▸ **INSTRUCTIONS FOR THE TASK**
The entries need to be copied exactly as they stand, images left out.

Stored data
=== Section Start ===
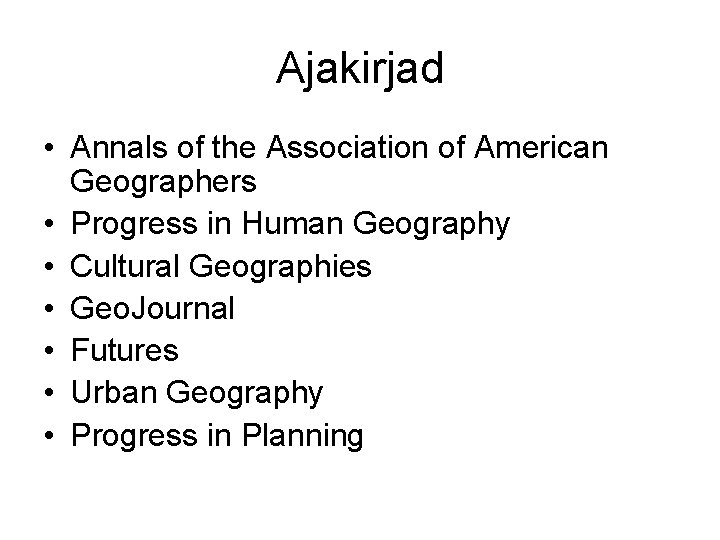 Ajakirjad • Annals of the Association of American Geographers • Progress in Human Geography Ajakirjad • Annals of the Association of American Geographers • Progress in Human Geography
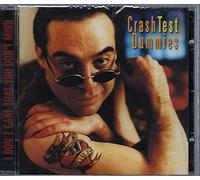 Crash Test Dummies - I Don't Care That You Don't Mind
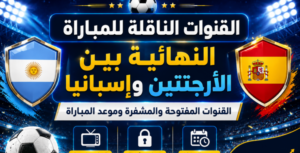 موعد نهائي كأس العالم 2026 بين الأرجنتين وإسبانيا.. القنوات الناقلة وتفاصيل المباراة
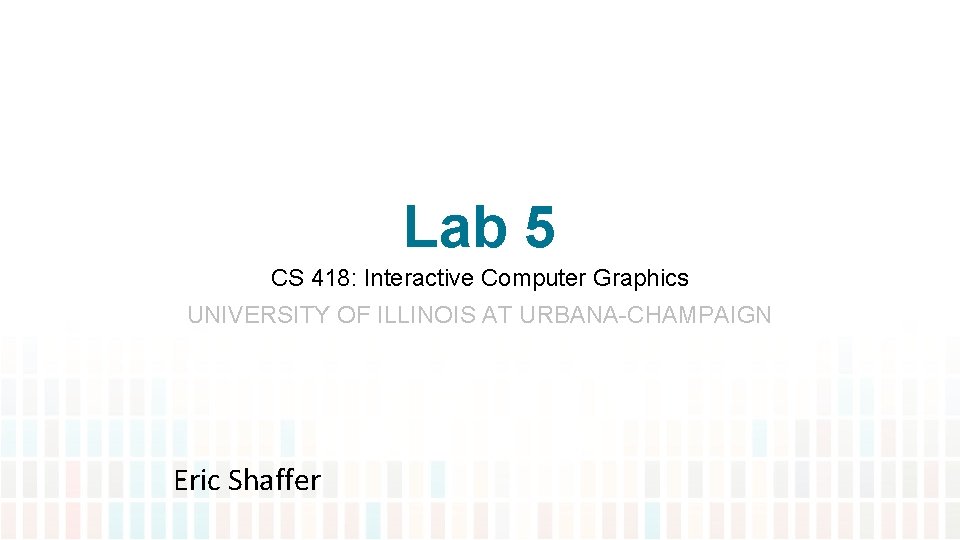 Lab 5 CS 418: Interactive Computer Graphics UNIVERSITY OF ILLINOIS AT URBANA-CHAMPAIGN Eric Shaffer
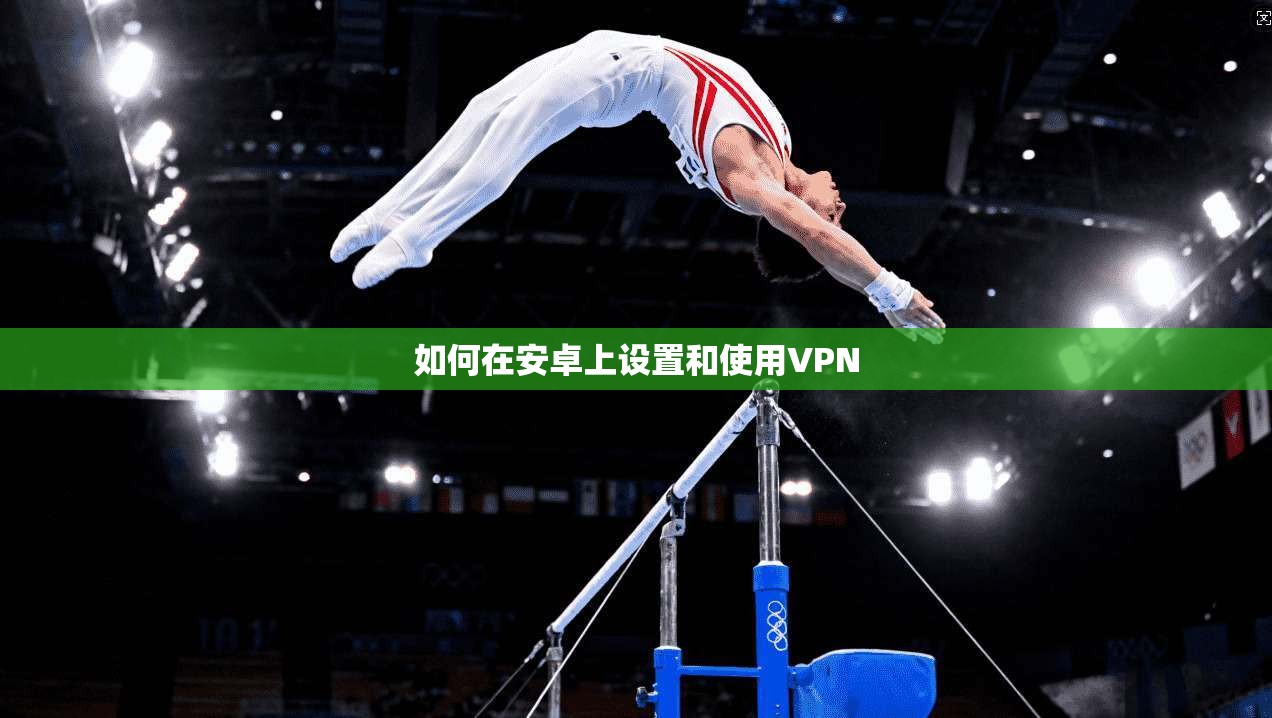 如何在安卓上设置和使用VPN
=== Section End ===
▸ **REPLY TO THE TASK**
 Ajakirjad • Annals of the Association of American Geographers • Progress in Human Geography Ajakirjad • Annals of the Association of American Geographers • Progress in Human Geography
 Crash Test Dummies - I Don't Care That You Don't Mind
 موعد نهائي كأس العالم 2026 بين الأرجنتين وإسبانيا.. القنوات الناقلة وتفاصيل المباراة
 Lab 5 CS 418: Interactive Computer Graphics UNIVERSITY OF ILLINOIS AT URBANA-CHAMPAIGN Eric Shaffer
 如何在安卓上设置和使用VPN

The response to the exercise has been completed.